In Trempealeau, Jess Ecker helps operate Ecker’s Apple Farm along with her mother, sister and husband. The farm has been family-owned and -operated since 1945, but it was converted to an orchard in the late 1970s. Ecker says the orchard covers about 100 acres, with 40 dedicated to apple production.
They grow many different varieties, including Gingergold, McIntosh, Gala, Riverbelle, Fuji, Red Delicious and Honeycrisp.
“Honeycrisp has a beautiful color, a sweet and tangy flavor profile, and a cell structure that explodes with juice as you take a bite,” Ecker says. “It’s a great eating apple, but also bakes well. It’s a big hit when dipped in caramel and rolled in nuts and candy.”
The farm also grows English cider apple trees and blueberry bushes that offer U-pick opportunities for customers in the summer. Ecker says that apples do well in Wisconsin, thanks to the state’s favorable climate.
“Wisconsin’s land and climate are conducive to apple growing in general,” Ecker says. “We get just the right amount of hot and cold temperatures to support a solid growing season for apples. Good rainfall, decent sun exposure and cool autumn nights that turn apples red are some other factors that make Wisconsin a hot spot for growing apples.”
Those cool autumn nights also attract families to the farm, and Ecker’s offers lots of activities focused around apples, as well as a beer garden they added in 2014.
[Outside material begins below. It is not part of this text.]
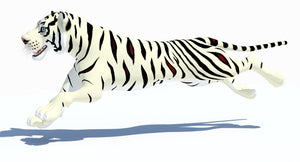 Animated White Cartoon Tiger 3D Model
“We offer pick-your-own apples in September and October, and haul guests around the orchard with our tractor,” Ecker says. “We also started throwing a large farm party, the Honeycrisp Hootenanny, in mid-October each year. It’s a celebration of Honeycrisp apples, bluegrass music and beer.”
Fresh Apples for All
At Helene’s Hilltop Orchard in Merrill, the majority of the apples grown on the farm’s 20 acres are sold retail through U-pick sales. Guests have the opportunity to stroll through the orchard in the fall and fill a bag with fresh apples. Afterward, they can stop by the farm’s on-site commercial bakery for a delicious caramel apple walnut muffin, apple pie, apple dumpling or apple turnover made from scratch with freshly harvested apples.
“About 80 percent of our apples go through U-pick,” says Olivia Telschow, orchard manager, who runs the farm with her mother, Helene (the orchard’s namesake), her husband and her three children. Her father, Dave, is now retired and continues to mentor her in production and care of the trees.
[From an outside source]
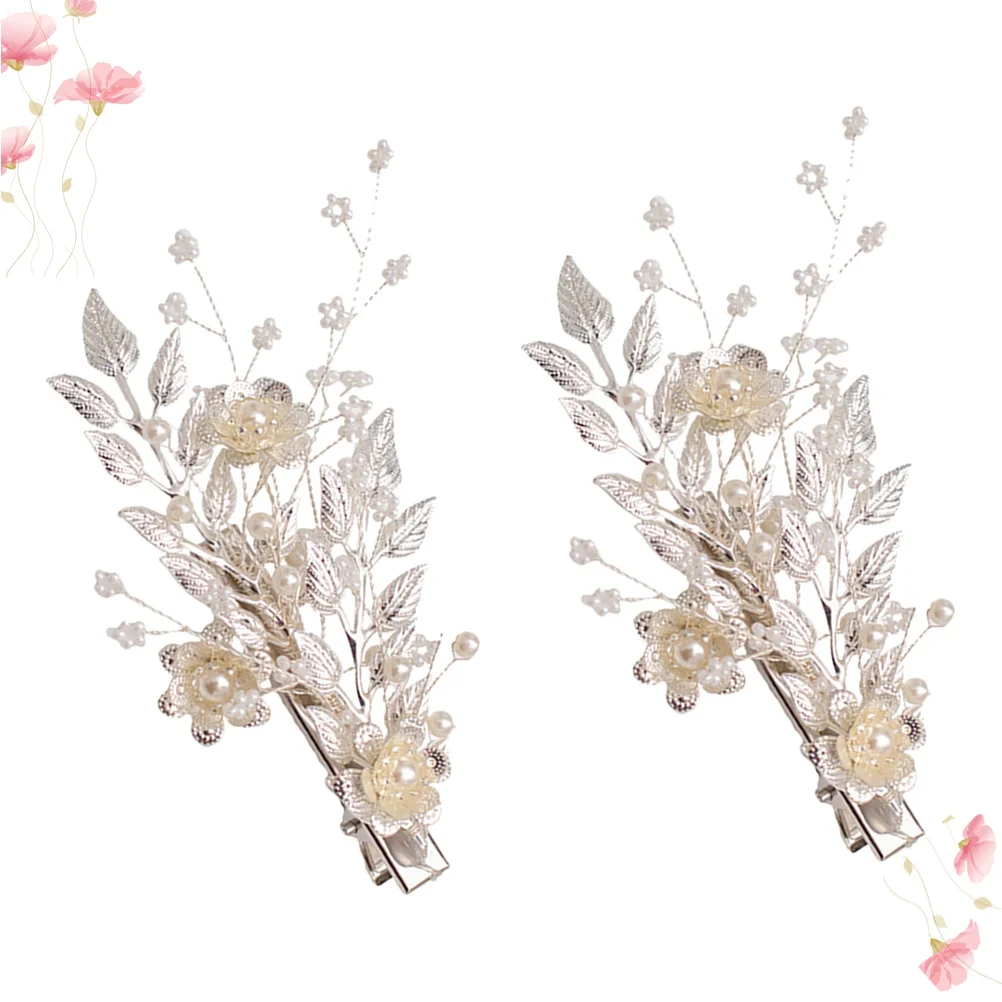 

2Pcs Pearl Hair Clip Set Elegant Leaf Beads Hairpin Lightweight Wedding Party Prom Hair Accessories for Women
“The rest of the apples we harvest for ourselves to use for our bakery products,” Telschow adds. “It’s extremely important to us to use our own products in baking. We bake thousands of apple pies that have about three pounds of sliced apples in them.”
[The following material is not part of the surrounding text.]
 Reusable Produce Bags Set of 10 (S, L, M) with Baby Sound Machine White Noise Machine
Telschow says that Helene’s Orchard is involved in agritourism as well, and they hope to really educate consumers about apples by letting them pick their own.
“In the fall we have a cow train ride that goes through a corn path, along with a hay wagon ride, corn maze and barnyard play area filled with agricultural equipment for children to explore. The U-pick helps create an experience for visitors and gives them a better understanding of where the apples come from,” she says.
The orchard grows three types of apples for visitors to choose from – Cortland, Honeycrisp and McIntosh – as well as some experimental heritage trees that are used to create a robust, flavorful cider.
“Those types of apples are in high demand from hard cider producers,” Telschow says. She adds that they’re always working to please the consumer, too.
“We have a lot of experimental trees planted to see how they do,” she says. “We’re always looking to what we can add, like maybe an early-season apple. Our apples aren’t really ripe until the middle of September, but people want it earlier.”